10 июня в кровавой игре тех дней появился новый фактор: Италия объявила войну Англии и Франции. Теперь, когда битва за Францию по существу уже была решена силой германского оружия, Муссолини, подобно шакалу, решил урвать для себя кусок лакомой добычи. 32 итальянские дивизии были брошены против Франции. Им противостояли всего лишь три французские дивизии и крепостные гарнизоны, в сумме составлявшие еще три дивизии. Итак, италофашисты превосходили французов более чем в пять раз. И тем не менее они оказались бессильными! Бессильными, несмотря даже на то, что в тыл французским войскам, сражавшимся против итальянцев, с севера выходили немцы. В альпийских проходах итальянцы безнадежно застряли, остановленные храбро сражавшимися французами, а попытка итальянцев взять на побережье Ниццу окончилась неудачей: они никак не могли продвинуться дальше окраин Ментоны. Этот замечательный эпизод лишний раз доказывает, что боевой дух французской армии не был сломлен германским нашествием и что, имей она твердых и храбрых командиров, многое в ходе второй мировой войны сложилось бы иначе. Но как раз этого-то ей и не хватало.
Черчилль в мемуарах рассказывает, что 11 июня, т.е. через неделю после начала германского наступления в южном направлении, он вместе с Иденом, а также генералами Диллом и Исмеем полетел во Францию для обсуждения с правительством Рейно создавшегося положения. В этом обсуждении с французской стороны участвовали кроме самого премьера Петэн, Вейган и незадолго перед тем назначенный помощником министра обороны генерал-майор де Голль. За исключением последнего, все остальные французские представители находились в состоянии депрессии и даже отчаяния.
Черчилль предложил защищать Париж во что бы то ни стало. Это могло бы сильно задержать и затруднить движение немцев. Он даже имел наивность сослаться при этом на пример Мадрида, в ноябре 1936 г. приостановившего на окраинах города наступление Франко и державшего создавшуюся там линию фронта в течение последующих двух с половиной лет. Как плохо понимал Черчилль движущие силы современной истории! Мадрид устоял, потому что его защищал революционный народ, имевший во главе революционных вождей и прежде всего коммунистов, веривших в свое будущее и вдохновлявшихся лозунгом: «Лучше умереть стоя, чем жить на коленях». Разве Рейно, Петэн и Вейган могли сделать что-либо подобное? Разве они верили в свое будущее? Разве они могли вдохновить широкие массы французского народа на борьбу во имя спасения Франции?

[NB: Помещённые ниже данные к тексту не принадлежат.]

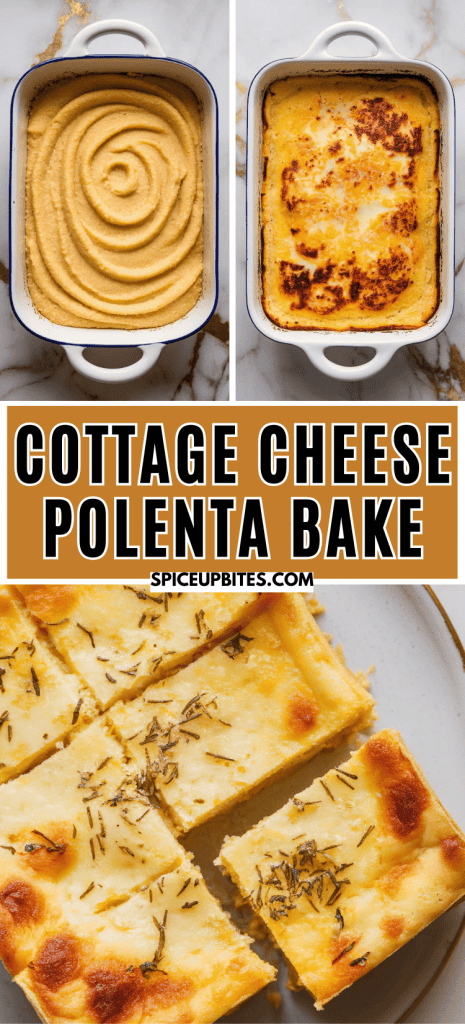 Cottage Cheese Polenta Bake 6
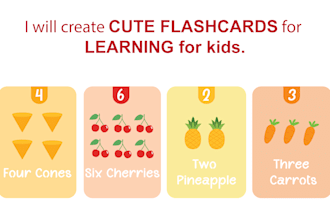 create cute flashcards for learning for kids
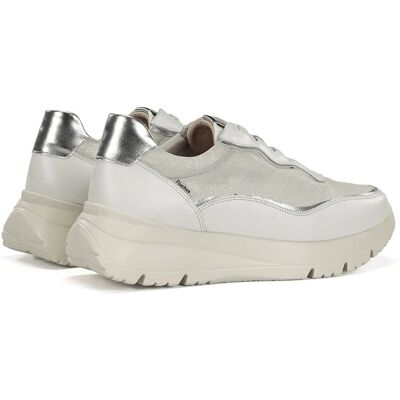 Fluchos Zapatos de cordones de mujer fabricados en piel. (37) Blanco mujer Fluchos Zapatos de cordones de mujer fabricados en piel. (37) Blanco mujer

14 июня немцы, не встречая сопротивления, заняли Париж, а 22 июня между Францией и Германией было подписано перемирие в Компьене. Здесь в 1918 г. было заключено перемирие между побежденной Германией и победившими США, Англией и Францией. Теперь Гитлер захотел взять реванш: он потребовал, чтобы именно в этом месте произошло подписание между побежденной Францией и победившей Германией. Условия перемирия были очень тяжелы: Германия оккупировала около двух третей всей Франции, включая Париж, остальная территория страны должна была формально находиться под властью правительства Петэна (что фактически означало слегка завуалированную власть Германии); французские вооруженные силы на суше и на море подлежали демобилизации, а их вооружение переходило в руки немцев; Франция обязалась покрывать расходы по содержанию германских войск и т.д. На целых четыре года над Францией воцарилась глухая ночь фашистской реакции, во мраке которой можно было слышать лишь звон цепей да все учащающиеся выстрелы героических бойцов движения Сопротивления…

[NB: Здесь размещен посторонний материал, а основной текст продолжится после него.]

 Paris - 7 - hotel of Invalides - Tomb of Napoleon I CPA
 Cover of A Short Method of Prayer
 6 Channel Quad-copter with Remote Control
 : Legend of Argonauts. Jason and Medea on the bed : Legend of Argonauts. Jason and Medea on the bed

Прежде чем закончить этот раздел, я должен упомянуть об одном важном эпизоде, который разыгрался уже после капитуляции Франции. Пункт восьмой условий перемирия предусматривал, что французский военно-морской флот «должен быть сконцентрирован в портах, которые будут определены, и там должен быть демобилизован и разоружен под германским и итальянским контролем». Это значило, что французский флот, еще в полной боевой готовности, войдет в гавани, находящиеся в руках фашистских держав… Что тогда? Не захватят ли тогда его эти державы? Не используют ли они его для борьбы с Англией? Предотвращение чего-либо подобного имело для британского правительства решающее значение. Ибо французский флот в то время по своей мощи был четвертым флотом в мире (после английского, американского и японского) и представлял серьезную боевую силу. Присоединение французского флота к германскому и итальянскому изменило бы соотношение сил на море в очень неблагоприятную для Англии сторону и облегчило бы возможность вторжения немцев на Британские острова. Таким образом, дальнейшая судьба французского флота превращалась в вопрос жизни и смерти для Англии.